LitCharts assigns a color and icon to each theme in Demon Copperhead, which you can use to track the themes throughout the work.
Exploitation
Class, Social Hierarchy, and Stereotypes
Pain and Addiction
Toxic Masculinity
Community and Belonging
Summary
Analysis
Demon could spend the rest of his life wondering if Mom’s death was a suicide or accident. Everyone else seems convinced that she planned it. Demon thinks nothing is right about the funeral. First of all, it’s in a church, something Mom never liked. When he goes up to see Mom in the casket, he realizes that his brother is in there with her. He rides in a limo to the burial, and the whole time, the limo driver, a high schooler, flirts with the girl riding up front with him. “There’s no kind of sad in the world that will stop it turning,” Demon thinks. He spends the weekend with the Peggots. Soon, they’ll clean the trailer they rented to Mom, erasing even the lines that show Demon a hair taller than Mom. “Her life left no marks on a thing,” Demon thinks.
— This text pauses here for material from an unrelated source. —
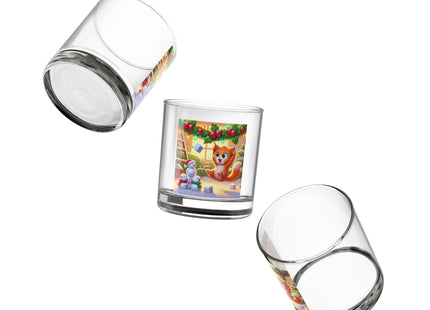 Naughty or Nice Kitten Christmas Rocks Glass, 10oz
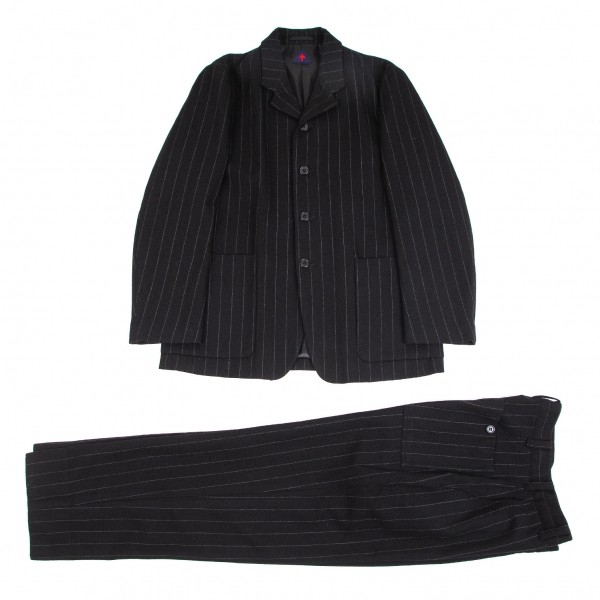 R.NEWBOLD Wool Stripe Jacket & Pants Black M | PLAYFUL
Two things strike Demon about his mother’s death. First, he wants to know whether her overdose was intentional or accidental. Though everyone else thinks she died by suicide, Demon doesn’t want to believe that his mother intentionally abandoned him. Second, Demon notes how little his mother’s death has affected others. Community members, like the limo driver, go on with their lives as if nothing has happened. Demon’s newfound understanding of Mom’s isolation from any kind of community is arguably part of what spurs Demon’s drive to find belonging from that point forth.